Donald Trump endurece su ofensiva contra Cuba y lanza un ultimátum directo al gobierno de Miguel Díaz-Canel. Sin petróleo venezolano y bajo una crisis energética sin precedentes, la isla enfrenta su momento más crítico desde el colapso de la Unión Soviética.

2026-01-12

Por revistaeyn.com / Agencias

Las recientes declaraciones del presidente de Estados Unidos, Donald Trump, sobre Cuba deben leerse menos como una amenaza inmediata y más como la formalización de una estrategia de presión acumulativa.

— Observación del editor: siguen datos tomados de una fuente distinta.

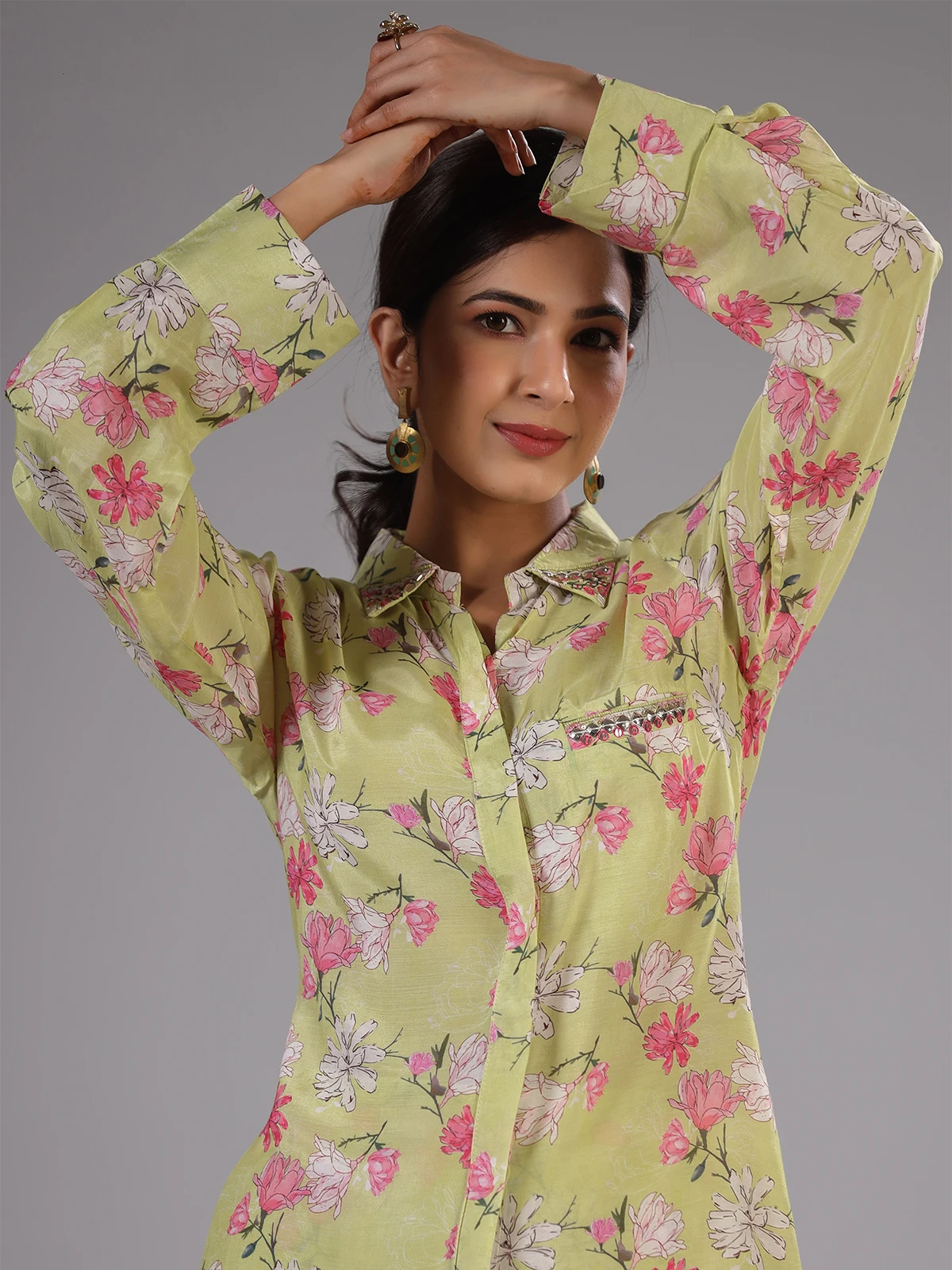 Light Green Floral Printed Co Ord Set 2 Light Green Floral Printed Co Ord Set - Image 2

El llamado a que La Habana alcance “un acuerdo antes de que sea demasiado tarde” se inscribe en un contexto regional profundamente alterado tras la caída del gobierno de Nicolás Maduro, principal sostén externo del régimen cubano durante más de dos décadas.

El mensaje central de Washington es claro: la ecuación que permitió la supervivencia económica de Cuba ha sido desarticulada. La alianza energética y política con Venezuela, que garantizaba petróleo subsidiado a cambio de apoyo estratégico, ya no existe. La Casa Blanca asume que, sin ese respaldo, la capacidad de resistencia del sistema cubano se reduce drásticamente.

El petróleo como variable estructural

Más allá del tono confrontativo, la apuesta estadounidense se apoya en un diagnóstico técnico preciso. Cuba necesita alrededor de 110.000 barriles diarios para sostener su funcionamiento básico, pero su producción nacional cubre menos de la mitad. El resto depende de importaciones cada vez más frágiles, condicionadas por sanciones, falta de divisas y una infraestructura energética obsoleta.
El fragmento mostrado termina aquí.